Davanın açılmış olması da, dava günü adliye önünde yaşananlar da Avrupalılarda 'acaba Türkiye değişmedi mi, hâlâ o 20-30 yıl önceki Türkiye mi' şüphesi uyandırdı. İnsanların düşüncelerinden dolayı cezalandırıldığı bir ülke olmamalı Türkiye. Üstelik bu dava, Türkiye'nin AB'ne girişine karşı olanların işine yarıyor. Hükümeti zora sokmak için kullanılıyor.

Davanın görülmemesi en azından ertelenmesi olumlu bir gelişme mi?

Ben bu davanın düşeceği kanaatindeyim.

CEMİL ÇİÇEK DOĞRU SÖYLÜYOR

Adalet Bakanı Cemil Çiçek'in davanın gündeme gelişiyle ilgili olarak medyayı suçlamasını nasıl değerlendiriyorsunuz?

Cemil Çiçek doğru bir şey söyledi aslında. Orhan Pamuk'un İsviçre gazetesine verdiği demeç Türk basınına yansıdığında çok çirkin yazılar yazıldı, manşetler atıldı. Daha sonra aynı gazeteler aksi istikamette yayınlar yaptılar. Benzer bir şeyi ben de yaşadım. Milletvekili seçildiğimde basında bayram havası estirenler, eleştiri içeren görüşlerimden dolayı yerden yere vurdular beni.

Orhan Pamuk'a verdiğiniz destek sadece ona mı yoksa Türkiye'de ifade özgürlüğünün gelişmesine mi?

Sırada Hrant Dink, Murat Belge, Hasan Saltık ve Ferhat Tunç davaları var. Biz bu davalarda da desteğimizi gösterecegiz ifade özgürlügü kısıtlananlara. Bu ülkede bir politikacı şiir okudu, bir yazar bir cümle sarfetti, bir prodüktör Kürtçe albüme imza attı diye yargılanmamalı artık.

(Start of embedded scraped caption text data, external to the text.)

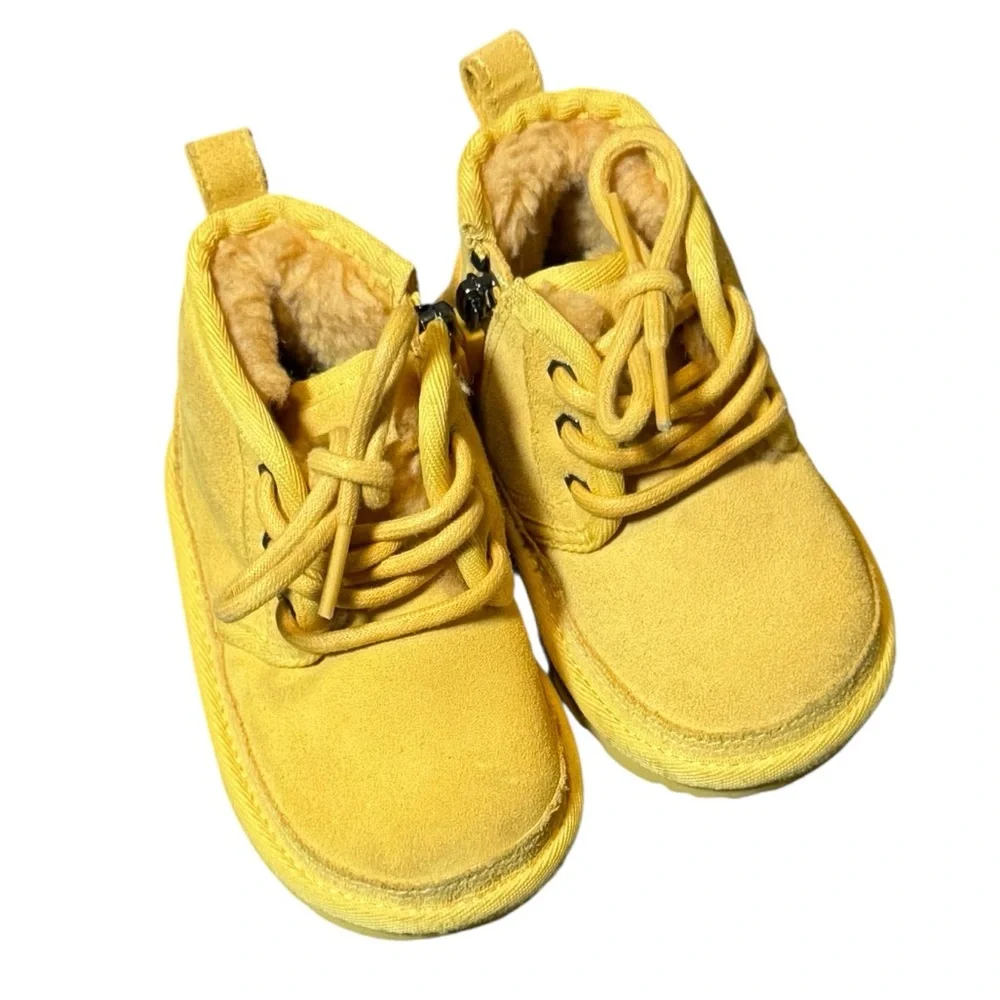 UGG Neumel Boots Unisex Size 6 Faux Fur Chucka Booties Yellow Toddler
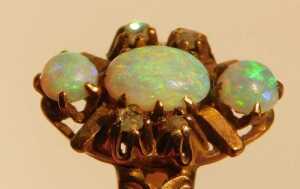 Two 9ct gold dress rings, comprising a 9ct gold garnet cluster ring, in a three layered raised... - 3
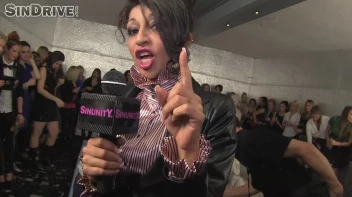 Muddy Wrestling: Jenna Lovely vs Lilith Virago & Gabriella vs. Sheila Screencap 62 on sinx.preview.netperv.com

Türkiye'nin son yıllarda gösterdiği perfor-mansın; haklar, özgürlükler ve demokratikleşme alanında gerçekleştirdiği reformların sadece bu dava üzerinden değerlendirilmesini haklı ve yerinde buluyor musunuz?

Bu davanın bu kadar dikkat çekmesinin nedeni, Türkiye'de son yıllarda yaşanan gelişme-lere rağmen, tüm dünyada tanınan, romanları pek çok dile çevrilmiş bir yazarın düşüncelerin-den dolayı hapis cezası istemiyle yargılanıyor olması. Dolayısıyla bu da normal bir tepki.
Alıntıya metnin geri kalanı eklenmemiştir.